Directions for this task:
Each line from the one containing "相较之下，在美国和其他一些国" onward, through the end of the entries, is to be transcribed exactly; nothing else is to be included.

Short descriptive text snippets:
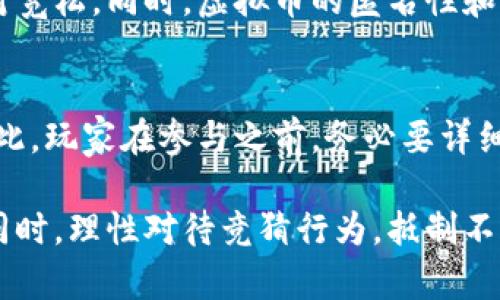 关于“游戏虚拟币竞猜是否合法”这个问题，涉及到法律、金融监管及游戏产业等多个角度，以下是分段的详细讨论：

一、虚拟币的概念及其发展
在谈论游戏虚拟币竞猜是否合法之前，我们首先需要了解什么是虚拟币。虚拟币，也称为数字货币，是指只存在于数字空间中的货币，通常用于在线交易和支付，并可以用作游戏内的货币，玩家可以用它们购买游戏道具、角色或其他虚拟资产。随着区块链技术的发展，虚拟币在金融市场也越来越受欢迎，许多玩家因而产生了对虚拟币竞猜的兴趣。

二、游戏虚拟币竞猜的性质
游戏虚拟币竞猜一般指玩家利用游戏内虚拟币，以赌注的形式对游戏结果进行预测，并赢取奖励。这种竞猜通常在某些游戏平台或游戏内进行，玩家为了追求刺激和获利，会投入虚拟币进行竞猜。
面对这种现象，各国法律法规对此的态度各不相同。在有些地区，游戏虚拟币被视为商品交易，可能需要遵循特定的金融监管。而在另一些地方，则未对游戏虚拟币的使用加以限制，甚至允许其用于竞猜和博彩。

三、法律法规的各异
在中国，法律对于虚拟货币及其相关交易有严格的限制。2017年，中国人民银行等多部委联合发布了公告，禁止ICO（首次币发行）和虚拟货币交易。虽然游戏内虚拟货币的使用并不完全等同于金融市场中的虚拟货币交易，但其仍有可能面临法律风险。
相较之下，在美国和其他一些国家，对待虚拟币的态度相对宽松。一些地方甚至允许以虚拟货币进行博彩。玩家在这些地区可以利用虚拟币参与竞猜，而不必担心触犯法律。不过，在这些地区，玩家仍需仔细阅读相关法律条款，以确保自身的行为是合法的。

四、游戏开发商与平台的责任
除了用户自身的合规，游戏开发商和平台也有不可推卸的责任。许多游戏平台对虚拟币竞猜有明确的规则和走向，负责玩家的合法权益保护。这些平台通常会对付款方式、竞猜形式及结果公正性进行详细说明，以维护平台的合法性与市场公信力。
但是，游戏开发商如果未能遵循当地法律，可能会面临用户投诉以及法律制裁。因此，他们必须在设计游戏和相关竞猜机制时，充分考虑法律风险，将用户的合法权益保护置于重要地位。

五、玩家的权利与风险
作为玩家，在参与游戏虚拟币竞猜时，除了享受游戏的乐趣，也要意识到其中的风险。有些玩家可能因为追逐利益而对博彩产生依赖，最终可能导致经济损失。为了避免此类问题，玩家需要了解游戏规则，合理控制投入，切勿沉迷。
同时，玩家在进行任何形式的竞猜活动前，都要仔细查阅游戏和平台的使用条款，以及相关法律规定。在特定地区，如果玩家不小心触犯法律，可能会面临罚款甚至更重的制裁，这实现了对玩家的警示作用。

Expected answer:
相较之下，在美国和其他一些国家，对待虚拟币的态度相对宽松。一些地方甚至允许以虚拟货币进行博彩。玩家在这些地区可以利用虚拟币参与竞猜，而不必担心触犯法律。不过，在这些地区，玩家仍需仔细阅读相关法律条款，以确保自身的行为是合法的。

四、游戏开发商与平台的责任
除了用户自身的合规，游戏开发商和平台也有不可推卸的责任。许多游戏平台对虚拟币竞猜有明确的规则和走向，负责玩家的合法权益保护。这些平台通常会对付款方式、竞猜形式及结果公正性进行详细说明，以维护平台的合法性与市场公信力。
但是，游戏开发商如果未能遵循当地法律，可能会面临用户投诉以及法律制裁。因此，他们必须在设计游戏和相关竞猜机制时，充分考虑法律风险，将用户的合法权益保护置于重要地位。

五、玩家的权利与风险
作为玩家，在参与游戏虚拟币竞猜时，除了享受游戏的乐趣，也要意识到其中的风险。有些玩家可能因为追逐利益而对博彩产生依赖，最终可能导致经济损失。为了避免此类问题，玩家需要了解游戏规则，合理控制投入，切勿沉迷。
同时，玩家在进行任何形式的竞猜活动前，都要仔细查阅游戏和平台的使用条款，以及相关法律规定。在特定地区，如果玩家不小心触犯法律，可能会面临罚款甚至更重的制裁，这实现了对玩家的警示作用。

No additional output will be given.